Dolayısıyla İblis, Allah’ın huzurundan kovulmuş olsa da “insanın baş düşmanıdır”;
beşerî ruha fısıldama iznine sahiptir ve insan türüne düşmanlık etmek için her
daim fırsat kollamaktadır. Onunla mücadelede başarılı olan
müttakî/muhsin/muhlis/muslih kullara etki edebilmesi söz konusu değildir; ahiret
günü ise söz konusu iznin süresi dolacağı için artık mü’minler onun
vesvesesinden tamamen kurtulacaklardır. Aynı şekilde İblis cehenneme gidenlerle
birlikte orayı boylayacağı ve imtihan da sona ereceği için cehennemliklere de vesvese
vermesi artık mümkün olmayacak, ayarttıklarıyla birlikte ebediyen cehennemde yanmaya
devam edecektir.)
İşte bu nedenledir ki işlediği suçu/hatayı
kabul etmeyerek sorumluluğu/kabahati Yüce Allah’a, anneye, babaya, öğretmene,
eşine, çocuklarına, çevresine, akrabalarına, arkadaşlarına, atalarına, şeytana,
şeytanlaşmış insanlara, iç ve dış düşmanlara vs. yükleyenler, özeleştiri/tövbe
yapmayanlar İblis’in/şeytanın adımlarını takip edenlerdir.
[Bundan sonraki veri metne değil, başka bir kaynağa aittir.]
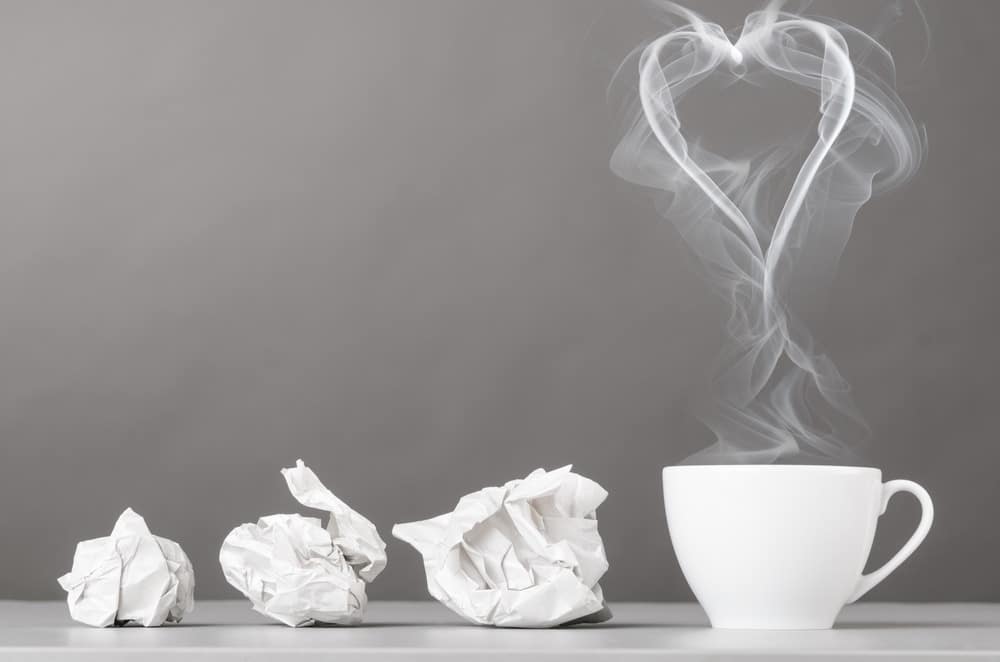 3 pieces of scrunched up paper next to a white coffee mug, with a love heart on top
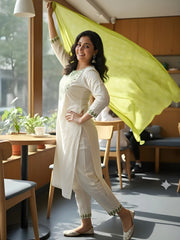 Woman in a white traditional outfit with a yellow scarf in a modern cafe setting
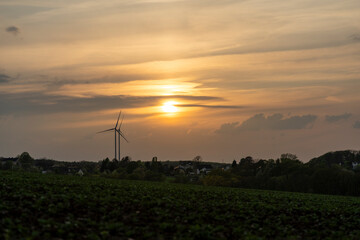 Obraz premium Two wind turbines standing next to each other in an orange-red sunset in the German countryside. Green energy concept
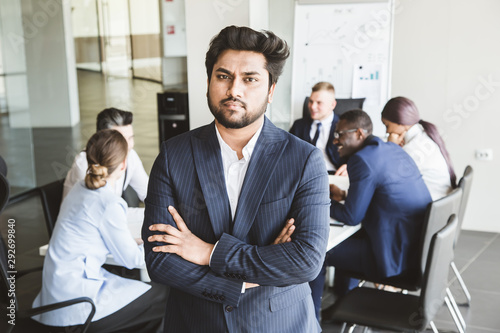 Business man stands on the background of partners. A team of young businessmen working and communicating together in an office. Corporate businessteam and manager in a meeting.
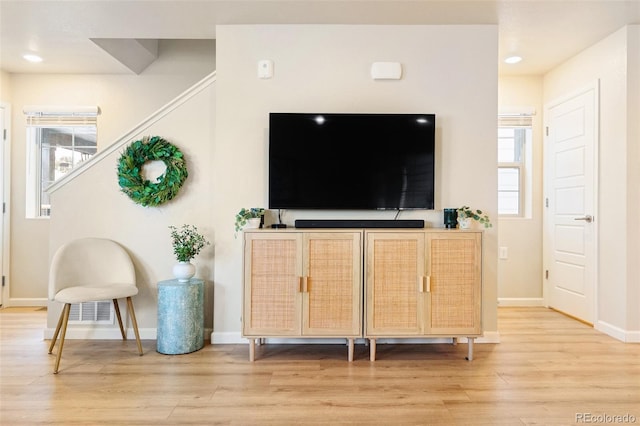 320 Marshall Mews, Superior, CO 80027 - living room with light wood finished floors, baseboards, plenty of natural light, and recessed lighting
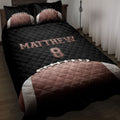 Black football quilt blanket styled on a bed with football artwork and bold athletic bedroom decor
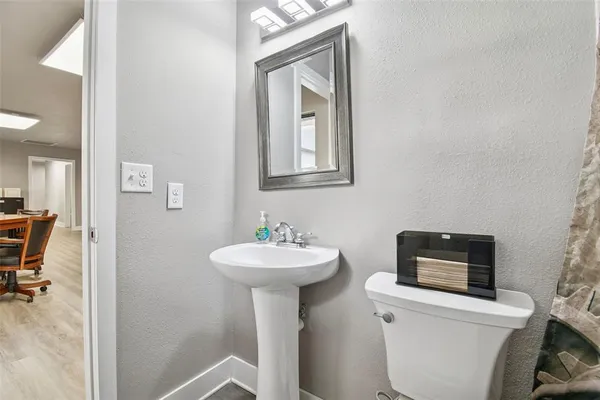 a view of a hallway with wooden floor and a living room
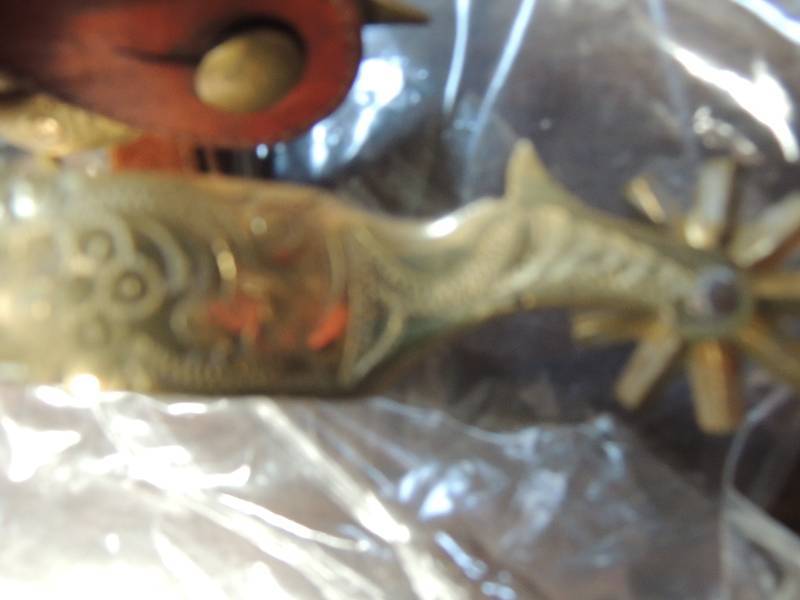 lot 734 image: Matching set Bronze lady leg spurs for men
Çünkü suçu/günahı/
hatayı yapan kişinin kendisidir; özgür iradesiyle böyle yanlış bir tercih de
bulunmuştur.
Nitekim İmam Cafer; “Bir fiilden dolayı bir insanı kınıyorsan bil ki bu fiil o insanın
fiilidir” derken insanın sorumluluğuna dikkat çekmiş ve bazı insanların yaptıkları
kötülüklere bakarak Yüce Allah’ı suçlayanların “kaderi yanlış anladıklarını”
ifade etmiştir. Yani; insan iyi ya da kötü bir şeye özgür iradesiyle kendisi karar
verir ve bu yüzden de sorumlu olur. Kötü bir şey yapınca şeytanı veya bir
başkasını “günah keçisi” ilan edip suçlayan ve kendini aklamaya çalışan kesinlikle
yanlış yoldadır.
Örneğin dersini çalışmayan, ödevlerini zamanında
yapmayan, öğretmeninin anlattıklarını ciddiyetle dinlemeyen, sınavda sorulan sorulara
doğru cevap veremeyen bir öğrenci düşük not alıp dersten kalınca “Beni öğretmen bıraktı, bu düşük notu hoca
verdi” diyerek bütün suçu öğretmene atıyorsa bu öğrencinin yaptığı yanlıştır
ve bu, şeytani bir tavırdır. Zira İblis de suçunu kabul etmemiş ve Yüce Allah’a
“Beni sen saptırdın” deme cüretini ve
küstahlığını göstermiştir. Dolayısıyla hatalarıyla yüzleşmek yerine bütün suçu
ve günahı başkalarına atmaya/yüklemeye ve mazeret bulmaya çalışanlar şeytanın
adımlarını takip eden zavallılardır; şeytanın velileridir.
Sonuç olarak, yaptığı hataları veya günahları
kabul etmeyerek başkalarını suçlayanlar şeytanın izinden gidenlerdir. Böyle
yapmaya devam edenlerin hakikati idrak etmeleri ve yanlıştan dönmeleri asla
mümkün değildir. Çünkü bunlar özeleştiri yapmamış, hatayı kabul etmemiş ve
başkalarını suçlayarak sorumluluktan kurtulacaklarını zannetmişlerdir. Bütün
deliller onların görüşünü/düşüncesini çürüttüğü halde onlar bilerek ve
isteyerek, saplantıyla, önyargıyla ve körü körüne o sapkın fikri takip etmeyi
sürdürmüş, aklını kullanmak yerine dost ve sırdaş edindiği ruh ikizi/ayrılmaz
yoldaşı şeytanın (Nisa, 4/38; Zuhruf, 43/36) ve şeytanlaşmış insanların süslü
yalanlarına kanmış ve böyle bir sonu bilerek ve isteyerek kendileri hazırlamışlardır.